First, while Deadpool 2 is a disappointment, it’s far from terrible. Once again, Reynolds is very entertaining as the titular antihero. The jokes and gags that land work really well, while some of the jokes don’t all land quite as well as in the first film. Some of it just results from other movies telling the same jokes beforehand. It’s not that all the jokes are bad; but a similar gag was already used in Thor: Ragnarok with much greater effect.

Still, Deadpool 2 has a very self-deprecating style for the superhero genre that’s definitely appreciated, along with the meta-humor and fourth-wall breaking gags. There’s one gag in particular at the centerpiece of the film that completely upends all expectations. This particular gag wouldn’t work in any movie except the Deadpool series.

Stefan Kapicic as Colossus and Brianna Hildebrand as Negasonic Teenage Warhead were probably two of the best discoveries for the first film, and they are back for more fun for this go around. Similarly, Zazie Beets as Domino is the best addition to the film, and not just because she’s a strong female hero. Director David Leitch and writers Wernick, Reese, and Reynolds do an excellent job of showcasing exactly how Domino’s mutant “luck powers” would work onscreen. In the Marvel comics, someone such as Domino having “probability altering” or “luck” as mutant superpowers does not make sense. However, the movie not only acknowledges this, but Deadpool openly mocks the idea. And then the movie actually shows Domino utilizing her luck powers, and they produce some of the film’s best action beats.

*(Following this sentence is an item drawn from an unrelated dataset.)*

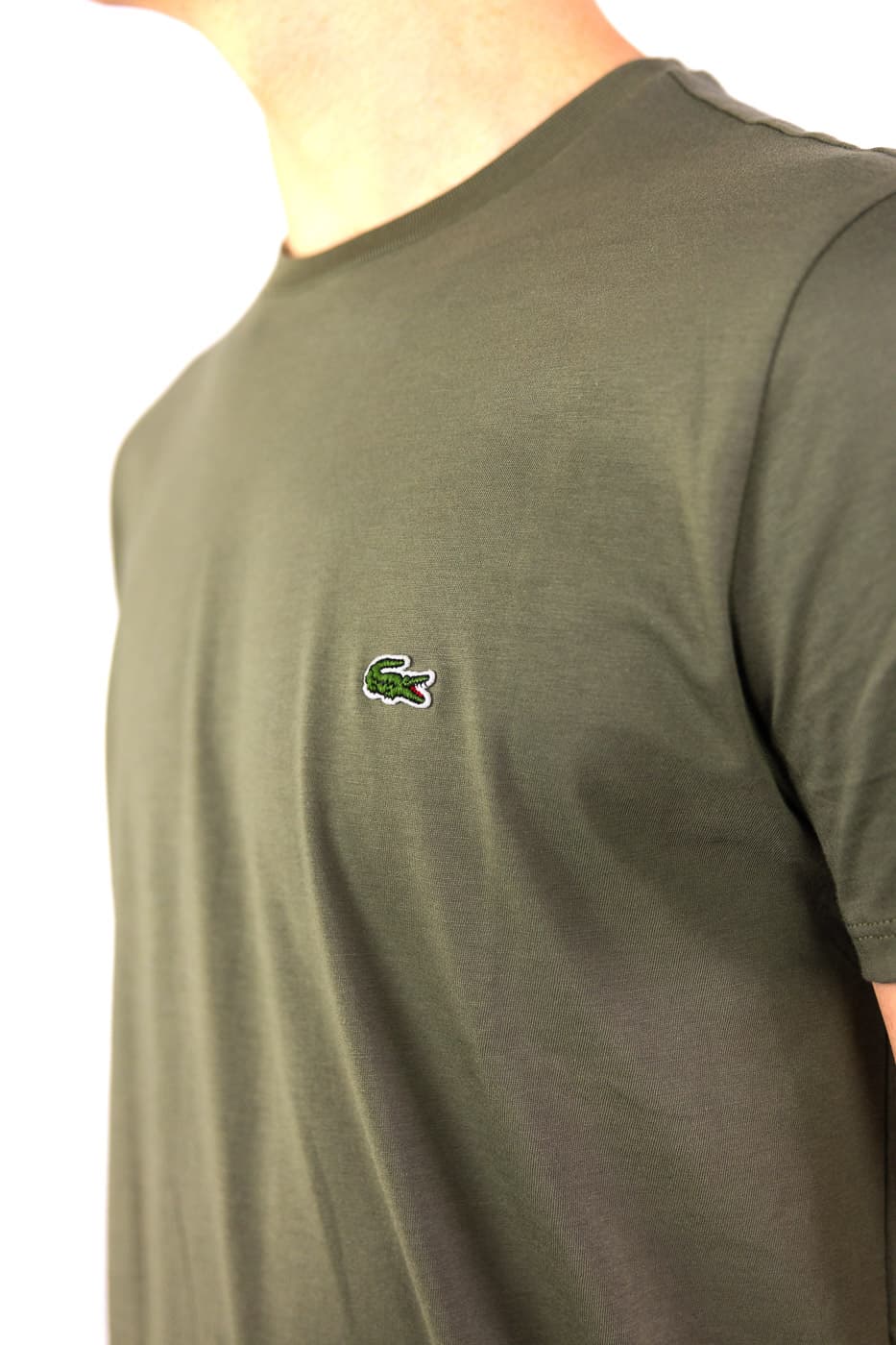 Lacoste 1ht1 Casual T-shirt Heren Khaki S thumbnail 2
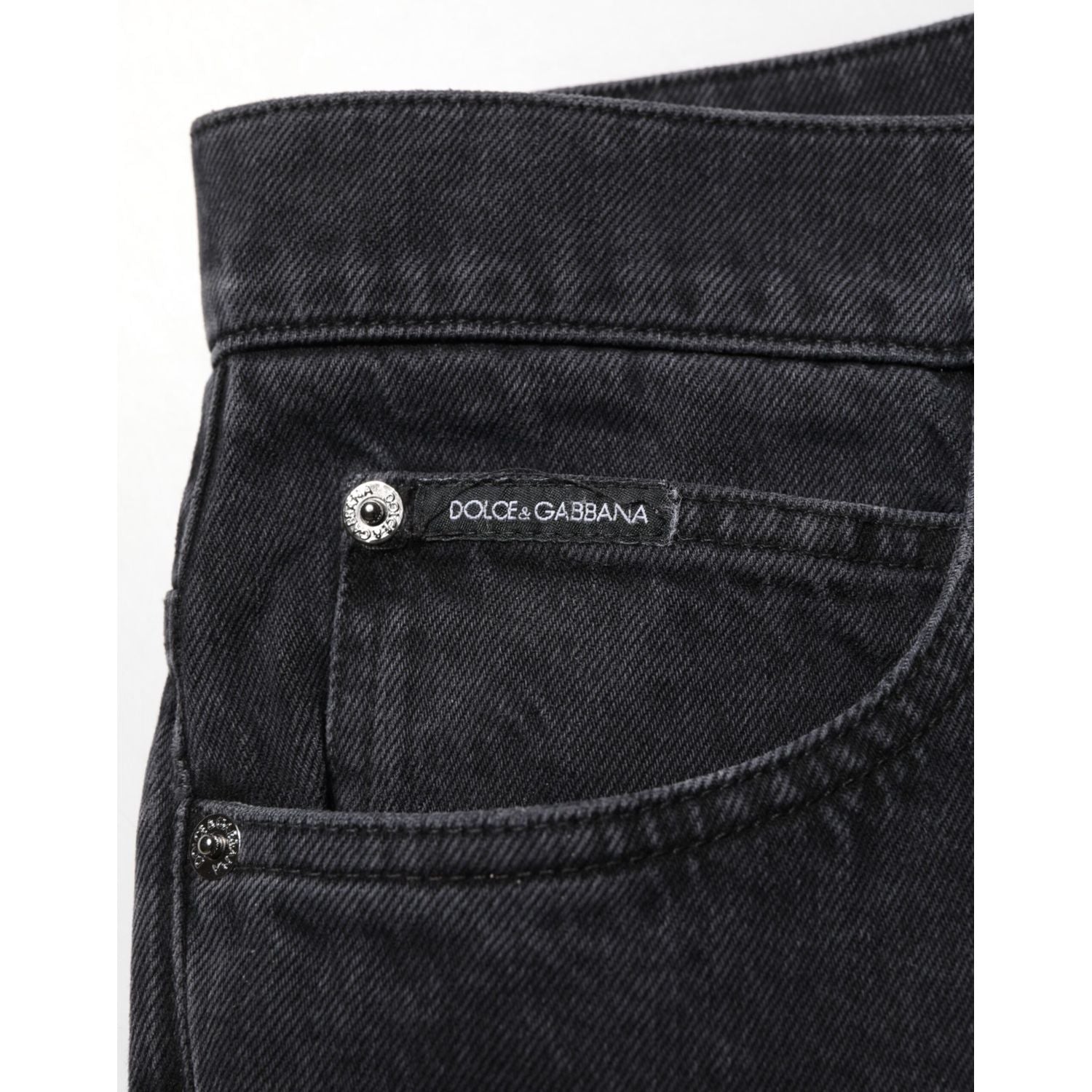 Dolce & Gabbana Black Cotton Logo Men Mid Waist Denim Jeans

Unfortunately, the same cannot be said for Josh Brolin’s performance as Cable, who was probably the most anticipated new character of Deadpool 2 due to the characters’ longtime association with each other in the comics. Unfortunately, Cable’s presence in the film is a letdown. It’s weird to have Brolin in this film right after he played the MCU villain to end all other MCU villains with Thanos Avengers: Infinity War. Cable is nowhere near as interesting. That’s disappointing because Cable should be a much stronger character.

In Deadpool 2, Cable’s backstory is underwhelming and very thinly depicted. It’s a decent enough performance for Brolin. He definitely does a good job playing opposite the zany antics of Reynolds. But as a time traveler, Cable is a bit of a problematic character, and Cable is nothing more than a grunty, time-traveling cyborg, staunch militaristic soldier. Very little about Cable is actually revealed, which is also underwhelming.

What does work in the film’s favor is that there are some good moments that, while they are clearly fan service, they still work well. There’s another revitalized cinematic appearance for another mainstay X-Men character that’s incredibly well done that fans are going to love, similar to how the first movie relaunched Colossus. And when the movie is on-point, such as the incredible, 007-riffing opening title sequence complete with Celine Dion music, it’s incredibly fun and entertaining.

Deadpool 2 is a fun and entertaining movie, but it’s not as good as the original. Fans of the original will still enjoy the superhero-skewering antics of the Merc With a Mouth. However, the movie is probably a few rewrites away from being a much more superior sequel.

The final score: review Good
The 411
Deadpool 2 is entertaining, fun and outrageous. Unfortunately, the new script by Ryan Reynolds and the first film's writers Rhett Reese and Paul Wernick fails to live up to the novelty of the original. Deadpool 2 is a little flabbier. Some of the new characters, such as Zazie Beets as Domino, work really well, but Josh Brolin's Cable is a pretty big letdown. The jokes that land are effective, but others are not. Fans of the original will still have a good time, but Deadpool 2 isn't as tight and focused as the first film. With respect to the writers and Reynolds, the original film was always going to be a very tough act to follow.